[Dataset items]
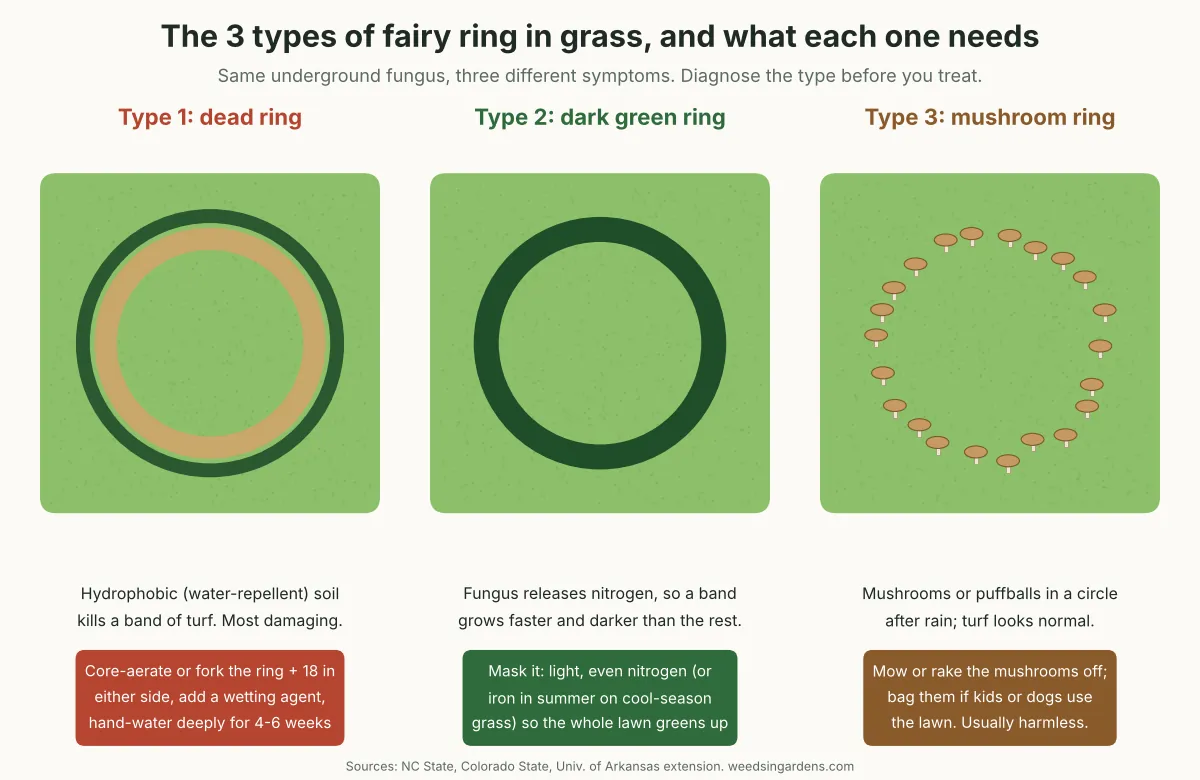 Chart comparing the 3 types of fairy ring in grass: dead ring, dark green ring and mushroom ring, with the fix for each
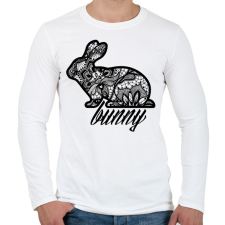 PRINTFASHION Csipke nyuszi - Férfi hosszú ujjú póló - Fehér férfi póló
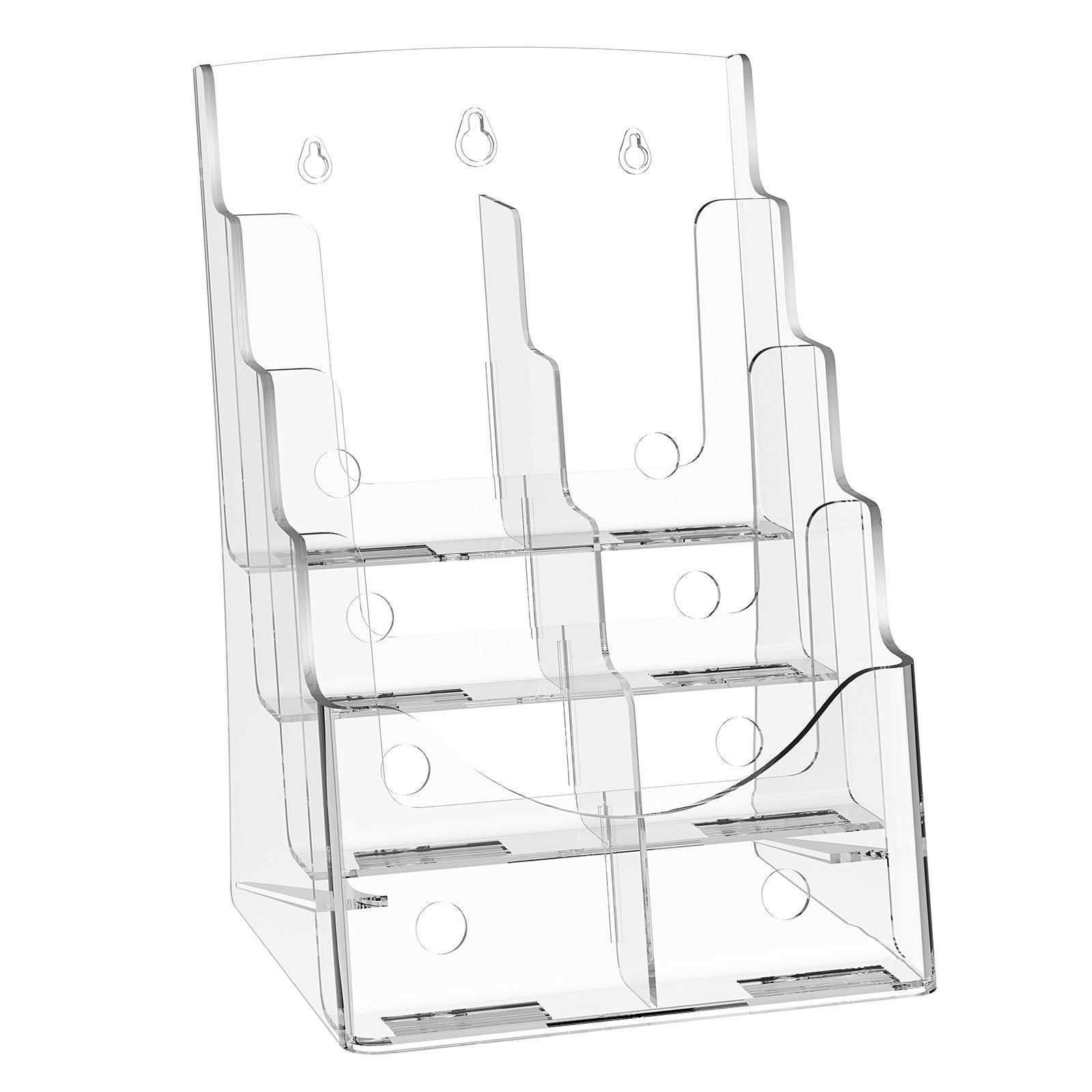 VEVOR Acrylic Brochure Holder 8.5 x 11 inch, 4-Tier Clear Acrylic Literature Display Stand, Plastic Literature Organizer Flyer Stand & Removable Divider for Office Exhibition, Countertop or Wall Mount 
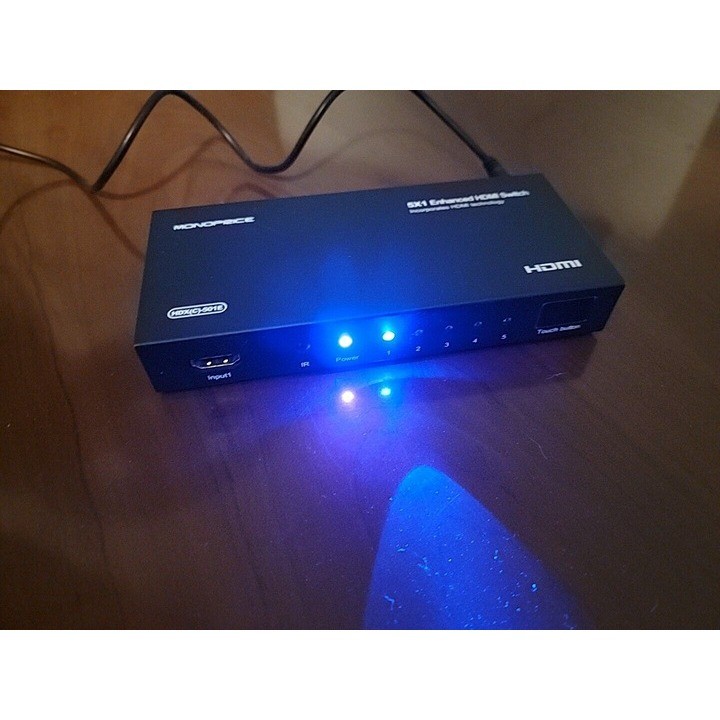 Monoprice HDMI Switch 5x1 HDX(C)-501E – Enhanced Black Touch Button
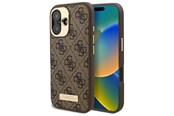 Handys - Cover & Cases - GUESS 4G Logo Plate MagSafe case for iPhone 16 - brown - 3666339340100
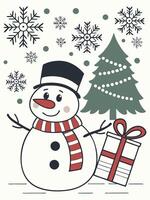 Smiling snowman with a red scarf and top hat holding a wrapped present, Christmas tree with snowflakes in the background. Flat winter illustration. For Christmas cards and festive prints vector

Assignment:
Would you mind repeating the records above exactly, without the pictures?

Worked solution:
 Chart comparing the 3 types of fairy ring in grass: dead ring, dark green ring and mushroom ring, with the fix for each
 PRINTFASHION Csipke nyuszi - Férfi hosszú ujjú póló - Fehér férfi póló
 VEVOR Acrylic Brochure Holder 8.5 x 11 inch, 4-Tier Clear Acrylic Literature Display Stand, Plastic Literature Organizer Flyer Stand & Removable Divider for Office Exhibition, Countertop or Wall Mount 
 Monoprice HDMI Switch 5x1 HDX(C)-501E – Enhanced Black Touch Button
 Handys - Cover & Cases - GUESS 4G Logo Plate MagSafe case for iPhone 16 - brown - 3666339340100
 Smiling snowman with a red scarf and top hat holding a wrapped present, Christmas tree with snowflakes in the background. Flat winter illustration. For Christmas cards and festive prints vector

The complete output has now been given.